The next in our series on women MPs by the House of Commons Hansard Writing Team.
Labour MPs Lucy Middleton (1894-1983) and Muriel Nichol (1893-1983) took up their seats in Plymouth, Sutton and Bradford North in 1945. Both were well known in socialist and anti-war circles as accomplished platform speakers and campaigners and had stood in previous elections—Middleton in Paddington South and Pudsey and Otley, and Nichol in Bradford North. Middleton, a long-standing member of the Independent Labour Party and organiser of local Labour groups, was secretary of the No More War Movement between 1924 and 1934. Nichol was active in the ILP from an early age. When her father, Richard Wallhead, an ILP campaigner and a committed opponent of the first world war , was imprisoned under the Defence of the Realm Act, she toured the country in his stead speaking publicly on women’s suffrage and peace.
The two women differed in their views of the relative importance of women’s suffrage: Nichol was a speaker for the NUWSS (National Union of Women’s Suffrage Societies), while Middleton, like many of her contemporaries, did not campaign directly for women’s rights, believing that Labour’s social reforms were the best way to improve women’s lives. She fought her initial parliamentary election campaign “not as a woman, but as a socialist.”

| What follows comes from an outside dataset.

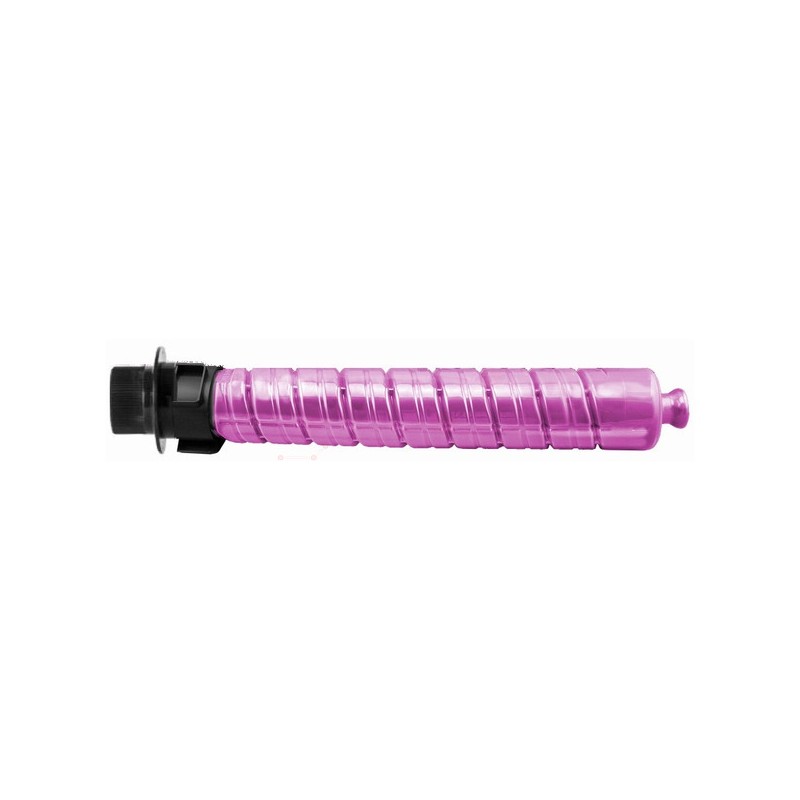 Ricoh Original Toner magenta (842257) Ricoh Original Toner magenta (842257)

With demands for self-rule in India growing increasingly strong, three roundtable conferences were set up between 1930-32 to discuss constitutional reforms in India. An expert on international affairs, Middleton advised the Hindu minorities at the third conference in 1932. She also qualified as an advertising consultant and became a national campaigner for the Labour party. In the early 1930s she met James Smith Middleton, who served as General Secretary of the Labour party from 1935 to 1944, and they married in 1936. Middleton was elected for Plymouth Sutton, directly succeeding Nancy Astor, who had retired
In Parliament, Middleton focused on peace and international understanding. In her maiden speech, she talked about the need for international co-operation and the extension of social justice. She asked how “peace-keeping machinery will suffice for peace keeping if men, women and children are fed, clothed and housed under conditions that do not conform to civilised standards.” She cited the difference in diet between the people in western Europe and those in eastern Europe and the far east.
Housing and post-war reconstruction were an important priority for Middleton. For six years in succession, she was elected to chair an all-party committee on war-damaged areas. She joined the executive committee of the Inter-Parliamentary Union and travelled widely to attend its conferences.
After losing her seat in 1951 to John Jacob Astor, the son of Nancy Astor, Middleton continued to work in the Labour movement, attending speaking engagements and writing, editing and publishing on Labour history. She became a director and foundation chair of War on Want, and edited “Women and the Labour Movement”, a 1977 collection of essays celebrating women’s contribution to Labour politics.

Like Middleton, Muriel Nichol’s father was also imprisoned for pacifist activities during the First World War. Nichol was a Welwyn Garden City pioneer. She moved there in 1922 and served on Welwyn District Council from 1937 until her election to Parliament, chairing the council in 1944-45. She and Alice Bacon, who was also elected in 1945, were Yorkshire’s first female MPs.
A year after taking her seat, Nichol participated in the parliamentary delegation to India—the only female MP to do so—and made several speeches firmly in favour of Indian independence. “To say that India is in a state of emotional and political disturbance is an understatement,” she told the House on 15 March 1946. “India is sick to death of British imperialism. She wants independence.”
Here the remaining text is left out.